DATA SHOWN below:
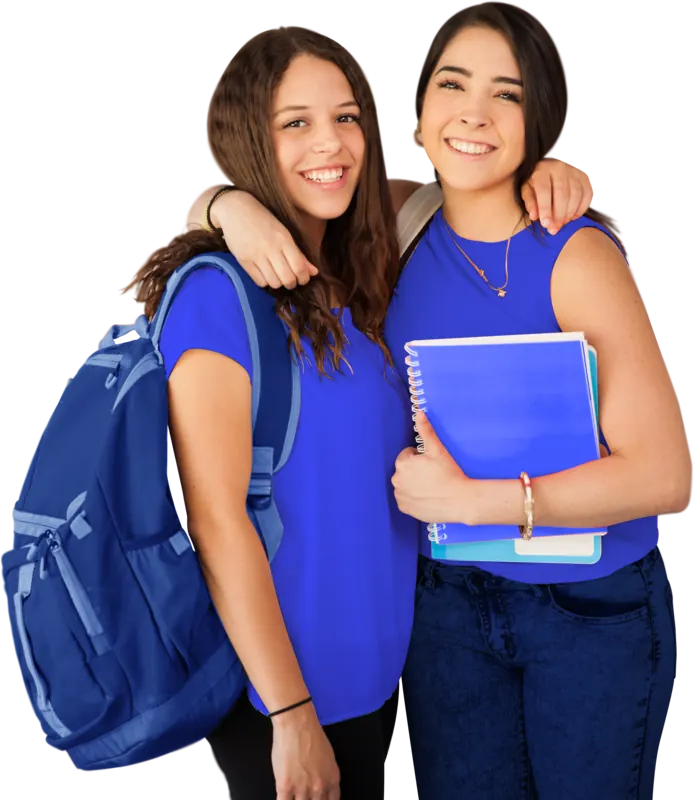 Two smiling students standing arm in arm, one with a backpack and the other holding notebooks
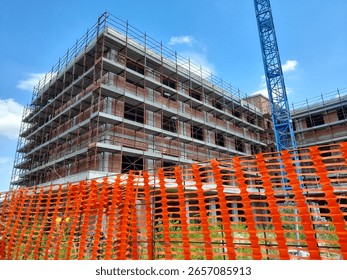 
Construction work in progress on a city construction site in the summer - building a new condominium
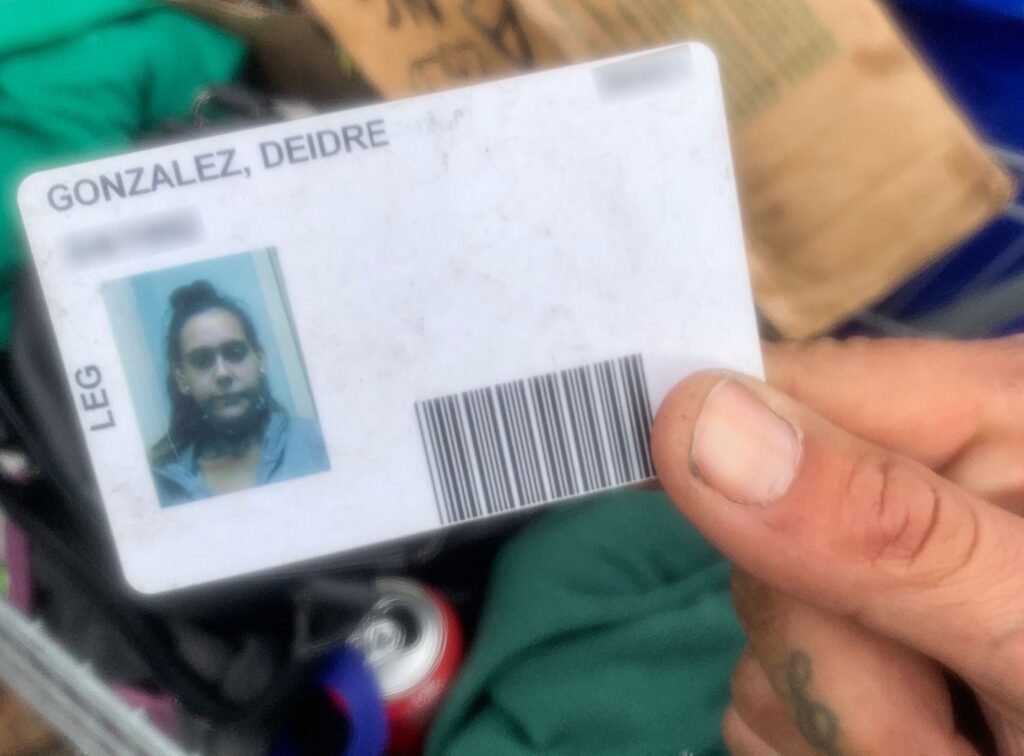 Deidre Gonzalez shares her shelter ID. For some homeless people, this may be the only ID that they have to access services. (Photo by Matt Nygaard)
End of DATA SHOWN.
DATA SHOWN below:
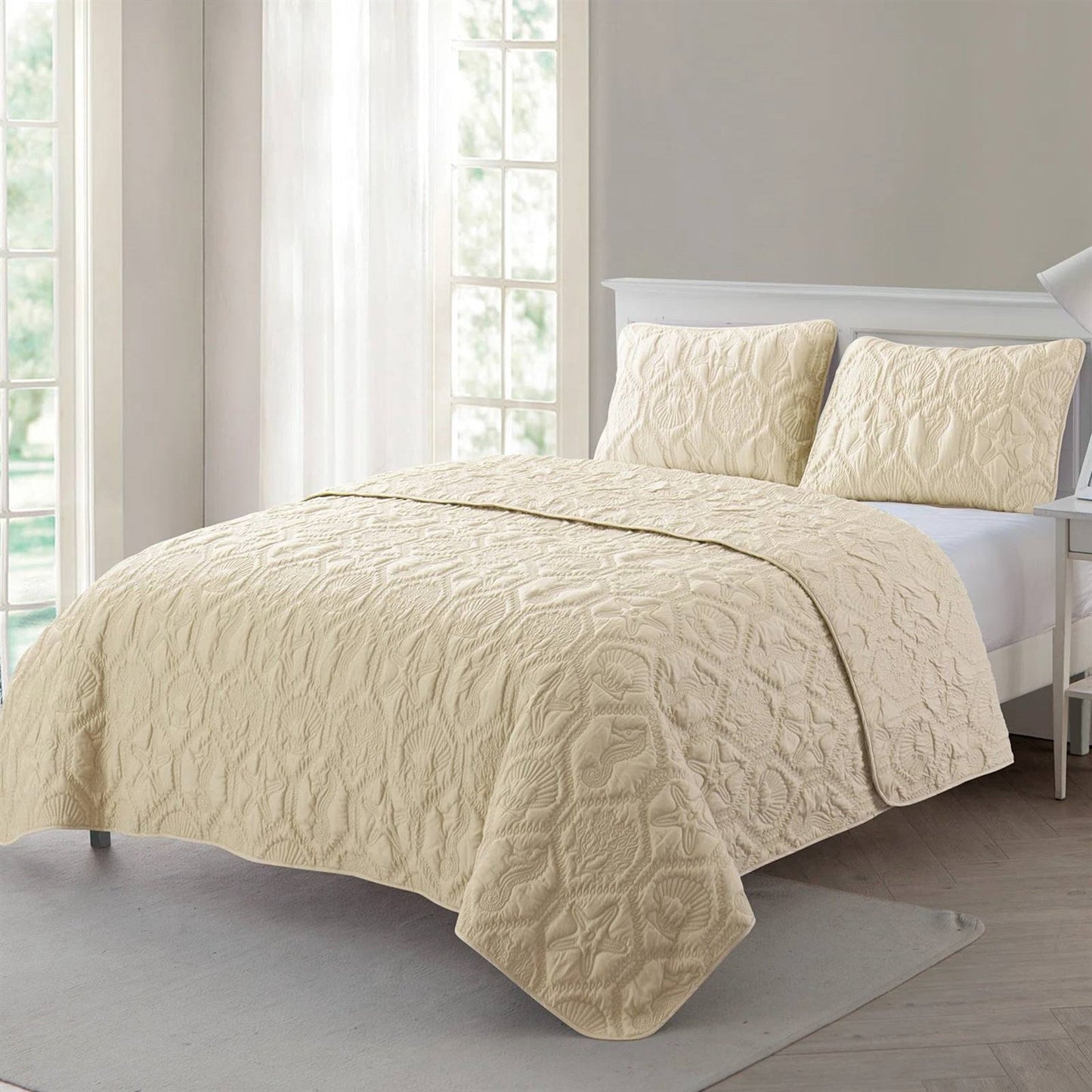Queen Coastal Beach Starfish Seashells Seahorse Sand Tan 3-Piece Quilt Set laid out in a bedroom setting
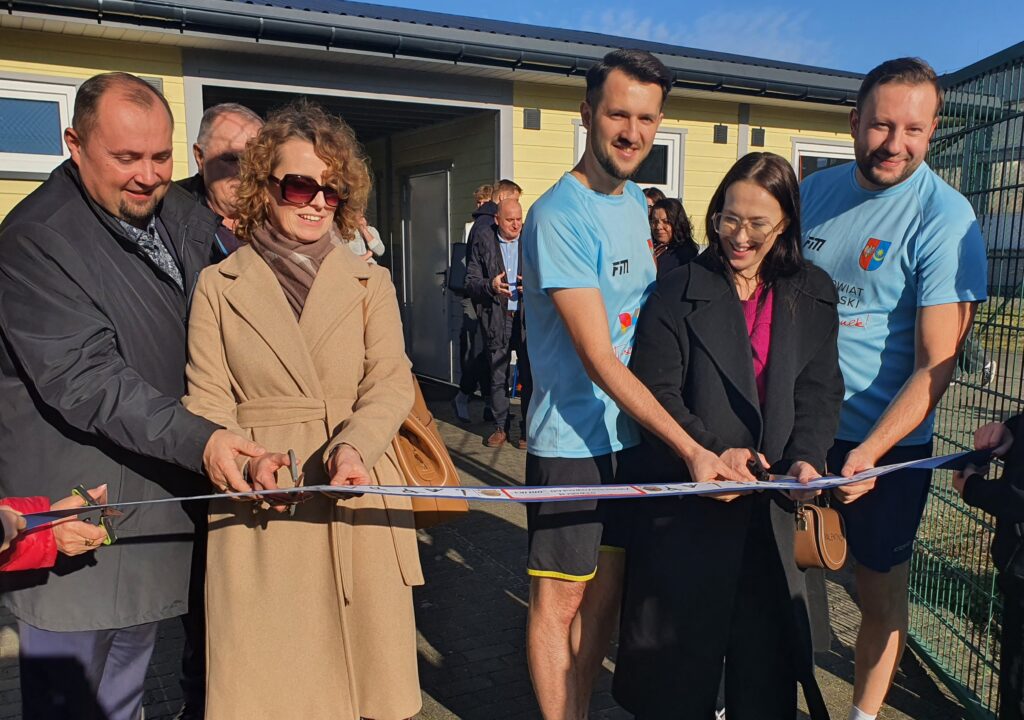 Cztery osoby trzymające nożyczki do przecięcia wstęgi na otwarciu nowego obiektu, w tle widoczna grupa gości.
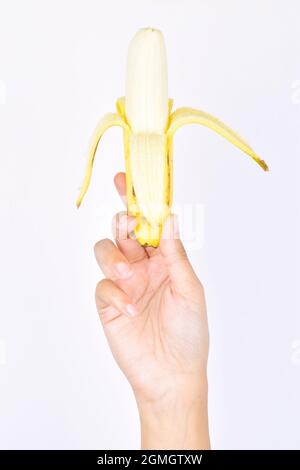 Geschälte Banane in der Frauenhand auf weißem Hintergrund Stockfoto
End of DATA SHOWN.
DATA SHOWN below:
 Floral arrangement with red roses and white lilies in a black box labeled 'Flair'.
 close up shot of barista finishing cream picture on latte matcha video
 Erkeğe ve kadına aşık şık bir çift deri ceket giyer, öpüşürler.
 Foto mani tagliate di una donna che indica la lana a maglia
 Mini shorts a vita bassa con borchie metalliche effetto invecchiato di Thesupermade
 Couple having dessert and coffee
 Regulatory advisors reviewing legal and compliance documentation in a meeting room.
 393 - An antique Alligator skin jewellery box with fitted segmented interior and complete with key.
End of DATA SHOWN.
§ WHAT TO WORK ON
The output is the stretch above from the line with "Cztery osoby trzymające" through the line with "Geschälte Banane in", copied word for word with both ends kept and every picture dropped.

§ EXERCISE SOLUTION
 Cztery osoby trzymające nożyczki do przecięcia wstęgi na otwarciu nowego obiektu, w tle widoczna grupa gości.
 Geschälte Banane in der Frauenhand auf weißem Hintergrund Stockfoto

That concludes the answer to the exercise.